387f7a45 387f7a45800210ac8910500 /index.html - 2132 0                        
is an entry from an 'access' log. 

The first field is the time in seconds since the Unix epoch, a.k.a. time_t.
The second field is associated with the client connection that caused the log
entry. It is constant for the duration of the connection, and is written to
all the logs entries, of whatever type, that are generated. This allows a log
parser to do more complete connection granularity analysis. As it happens,
this opaque token is currently built up of the time the client was connected,
its remote and local network address, etc, but these values most _not_ be
parsed as they may change in the future. 

 Entries generated by a thread will be written in chronological order. If,
however, multiple threads are sharing an output file the resulting entries
may not be written in chronological order.
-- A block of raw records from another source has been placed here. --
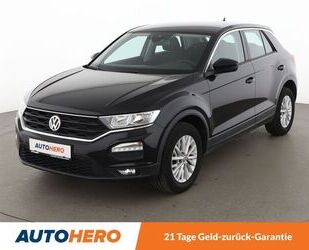 VW Volkswagen T-Roc 1.0 TSI *NAVI*PDC*SHZ*KLMA* Gebrauchtwagen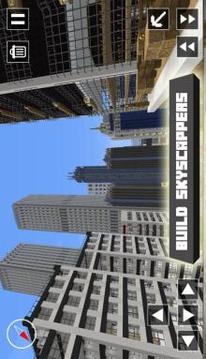 Exploration Lite City Craft游戲截圖3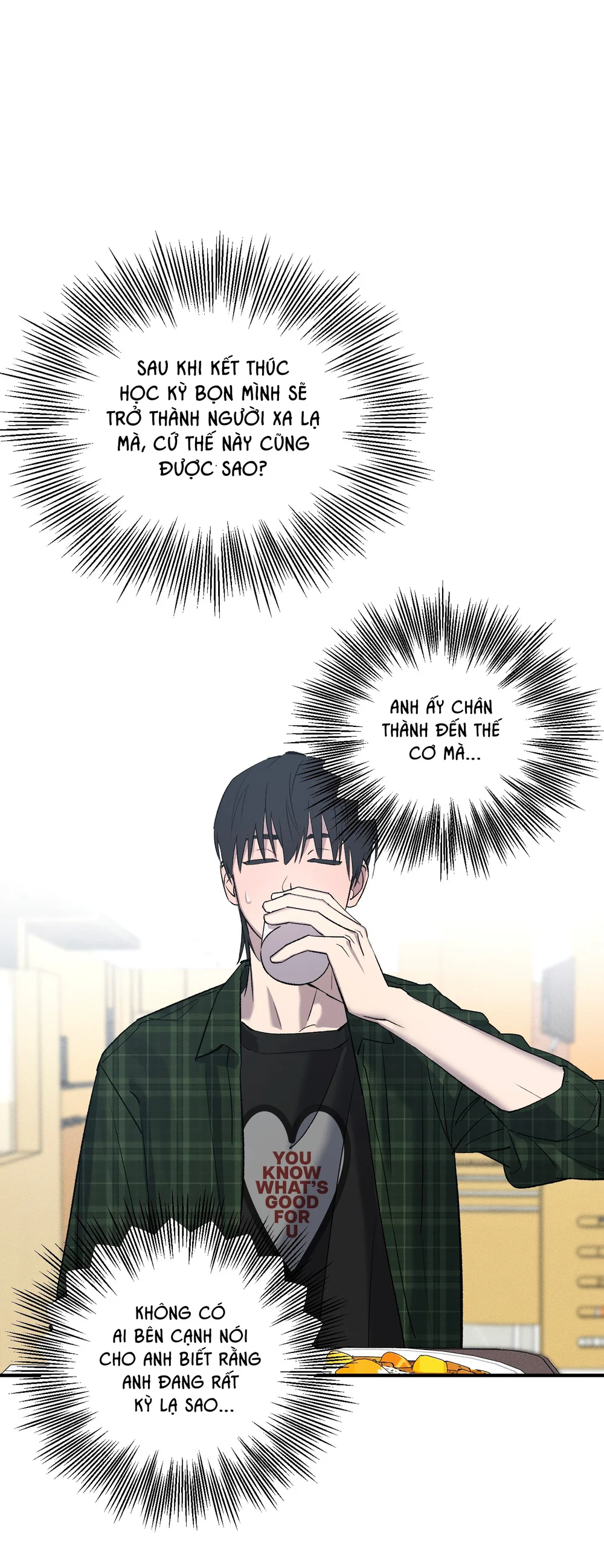 BL NGẮN CHỊCH HỎNY - Chap 62.2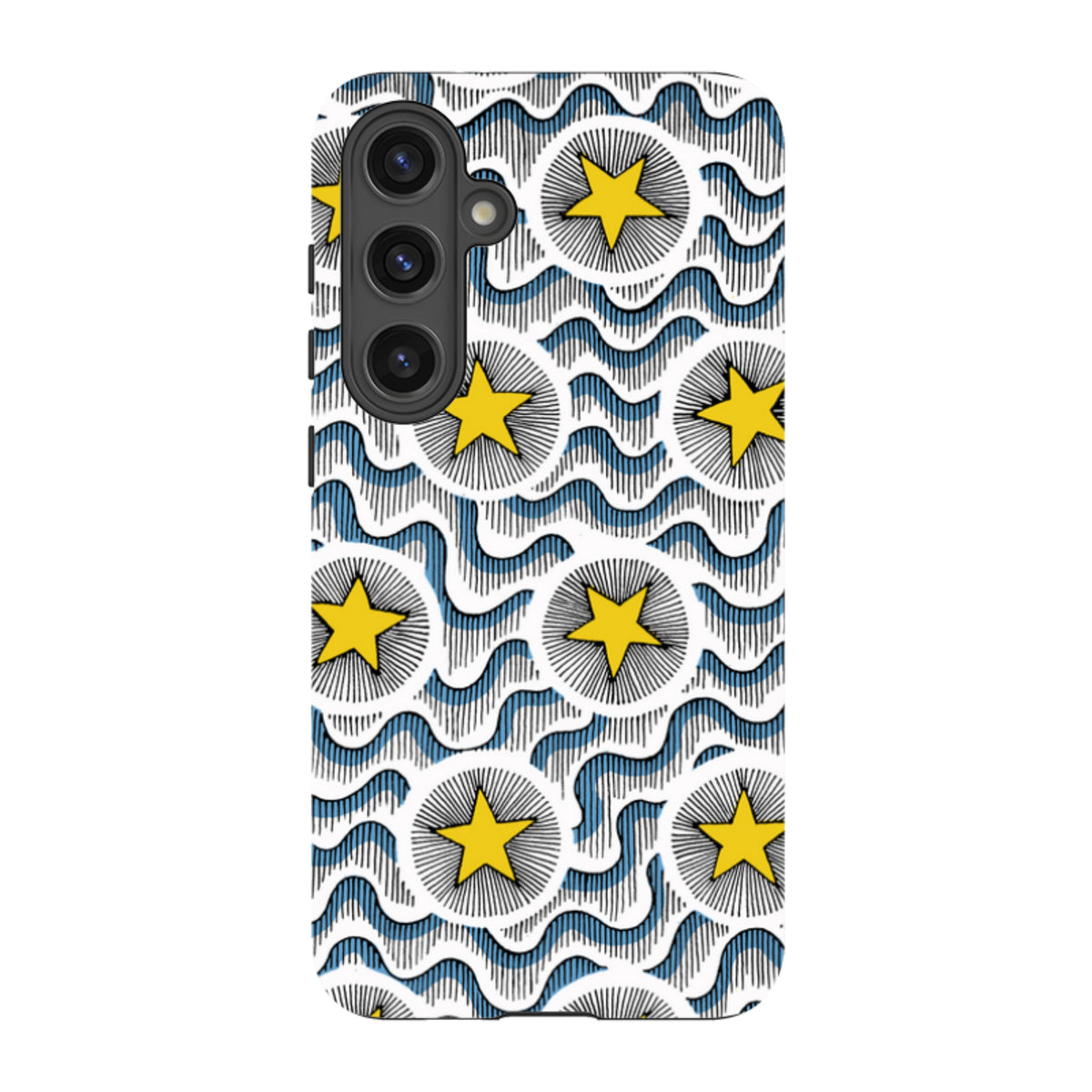 Samsung Tough Case - Celestial By Cressida Bell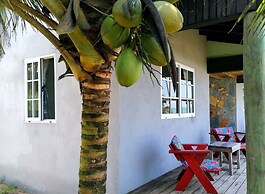 Afro Beach Eco Resort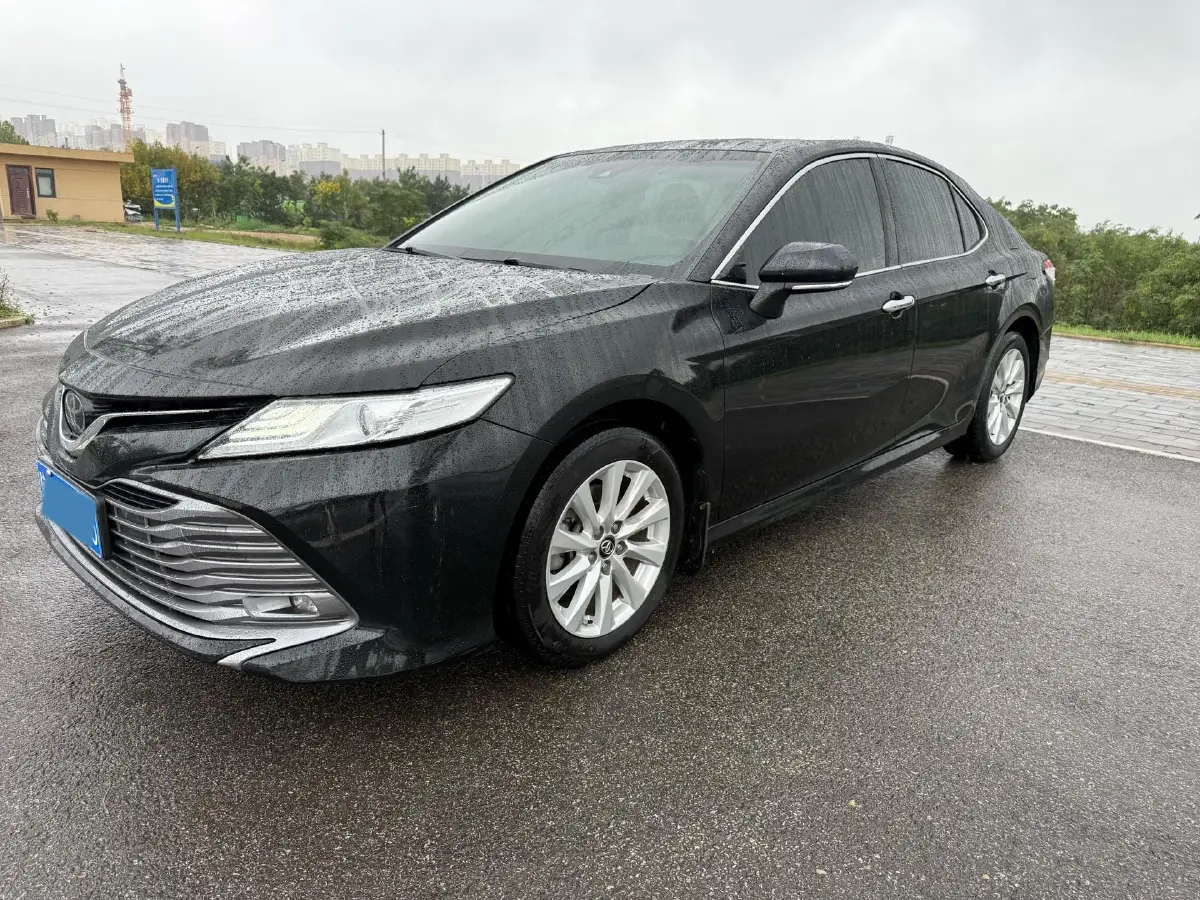2019 Toyota Camry 2.0L 178HP L4 CVT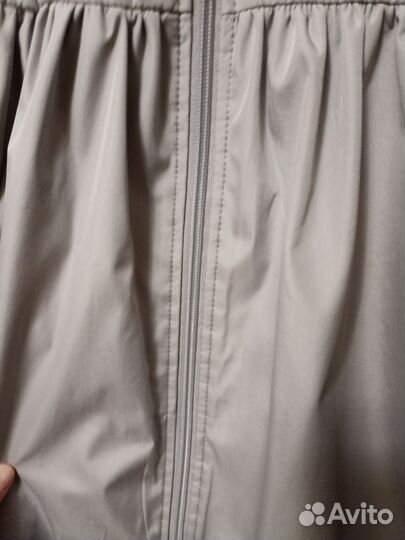 Плащ для девочки 140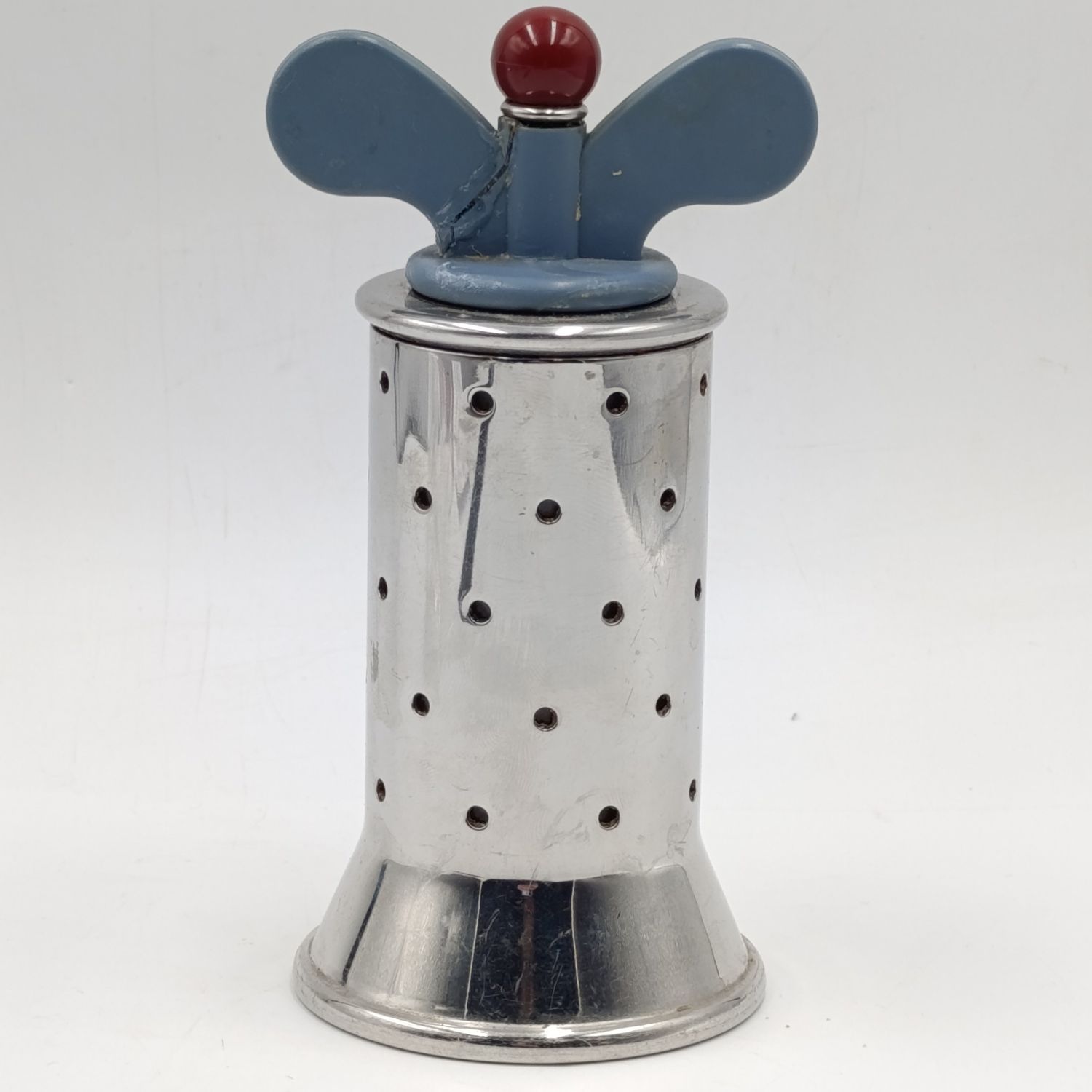 Michael Graves Alessi pepper grinder - handle repaired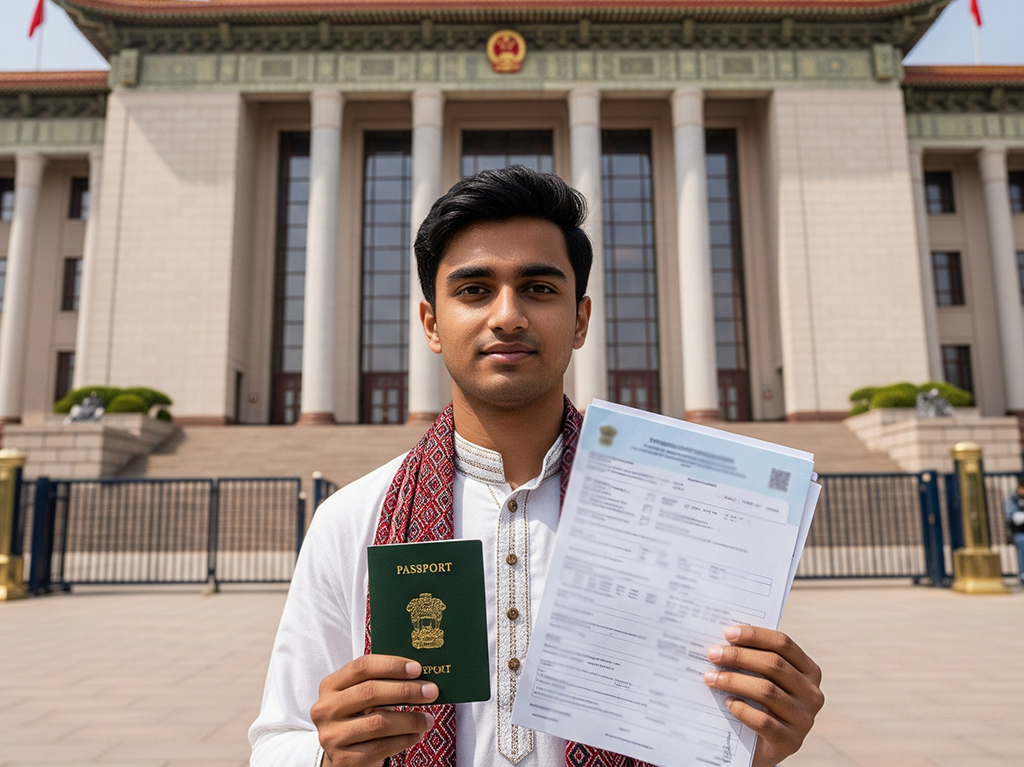 Visa and Passport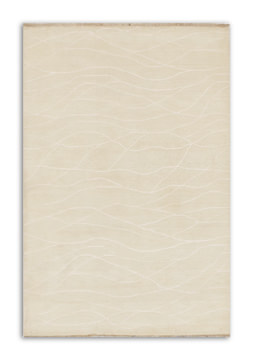 image Hand Knotted 4′1″ x 5′11″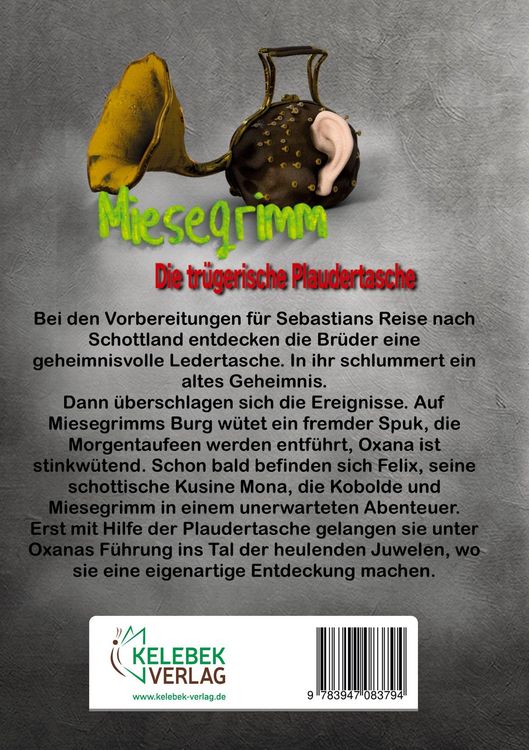 Produktbild: Miesegrimm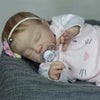 Silicone Reborn Baby Dolls Female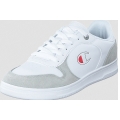 Champion Sneaker Connor Low Cut weiss/grauHerren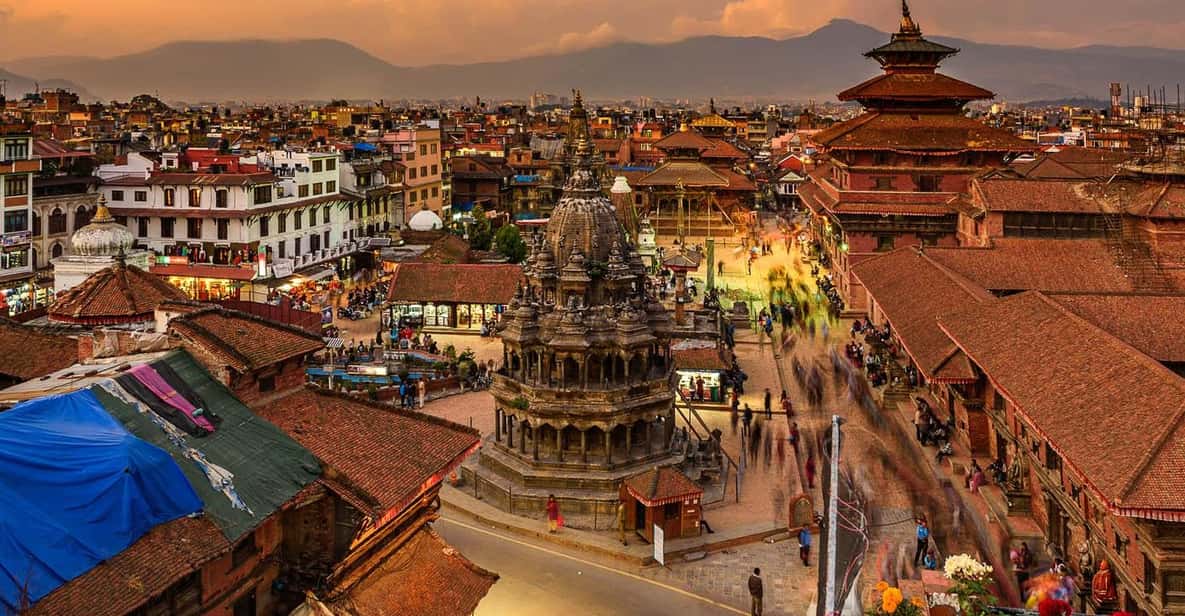 Bhaktapur and Panauti Day Trip with Lunch - Private/Group - Bhaktapur Durbar Square: the stonework you will keep noticing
It is up to the parsing programs
to use the 'time' field to sort by, if they care about chronological order. 
-----------------------------------------------------------------------------

5. Run Time Facilities

5.1. Overview

While phhttpd is running it listens to a 'control' socket for messages from
the administrator. The currently provided phhttpd_ctl program allows the
administrator to minimally interact with phhttpd. This provides both control
and status reporting. 

 phhttpd_ctl always wants a --control argument that specifies the control
socket of the running phhttpd daemon. This should match the <control> tag
specified in the config file. 
-----------------------------------------------------------------------------

5.2. Log Rotating

 phhttpd can be told to rotate its logs so that existing logs may be
processed. 

 The --rotate argument to phhttpd_ctl tells phhttpd to rename the existing
files to a unique name, open new files with the previously used names, then
close the renamed logs and start using the newly created files. phhttpd_ctl
will output the names of the newly created files which will be safe to use
once the command exits. 

 The --reopen argument to phhttpd_ctl tells phhttpd to close the existing
file logs and reopen the files with the filenames that were configured. This
implies that an external entity has moved the files to new names and wants
phhttpd to stop using them. 
-----------------------------------------------------------------------------

5.3. Status Reporting

 The --status argument to phhttpd_ctl tells phhttpd to return a quick status
blurb about the server. It contains miscellaneous information about the
running state of the server.